Triangulation of $\Bbb{S}^{2}$

$\Bbb{S}^{2}$ can be triangulated into eight triangular regions. This triangulation has the same symmetry group as the octahedron. The triangulation basically consists of connecting the six points $\left(\pm 1,0,0\right)$, $\left(0, \pm 1, 0\right)$, $\left(0, 0, \pm 1\right)$ with great circles in the x-y, y-z and z-x planes. Cutting the sphere along these lines, and then laying out the eight resulting triangles in a plane can be thought of as another visualization technique for two-dimensional beings.

$\downarrow$

Triangulation of $\Bbb{S}^{3}$

Similarly, $\Bbb{S}^{3}$ can be triangulated into sixteen tetrahedral regions by connecting the eight points $\left( \pm 1, 0, 0, 0\right)$, $\left( 0, \pm 1, 0, 0\right)$, $\left( 0, 0, \pm 1, 0,\right)$, $\left( 0, 0, 0, \pm 1\right)$ with great spheres. This triangulation has the same symmetry as the sixteen-cell polytope.
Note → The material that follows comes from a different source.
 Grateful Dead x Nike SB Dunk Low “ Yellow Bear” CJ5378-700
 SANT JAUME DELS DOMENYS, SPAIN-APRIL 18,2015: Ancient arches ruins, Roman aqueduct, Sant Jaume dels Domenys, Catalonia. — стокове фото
Like the triangulation of $\Bbb{S}^{2}$, this can be used as another method of visualization of $\Bbb{S}^{3}$, and it will be, later.

$\downarrow$

Notice that there are a great many more possibilities for how these sixteen tetrahedra can be arranged than there are for the triangulation of $\Bbb{S}^{2}$. Might there be a particularly orderly arrangement for them, that had no analogue in $\Bbb{S}^{2}$?

Triangulation of $\Bbb{S}^{n}$

Since an analogue of the symmetry group of the octahedron and the sixteen-cell exists in every dimension, we can generalize this process of triangulation to $\Bbb{S}^{n}$, decomposing it into $2^{n+1}$ n-cells.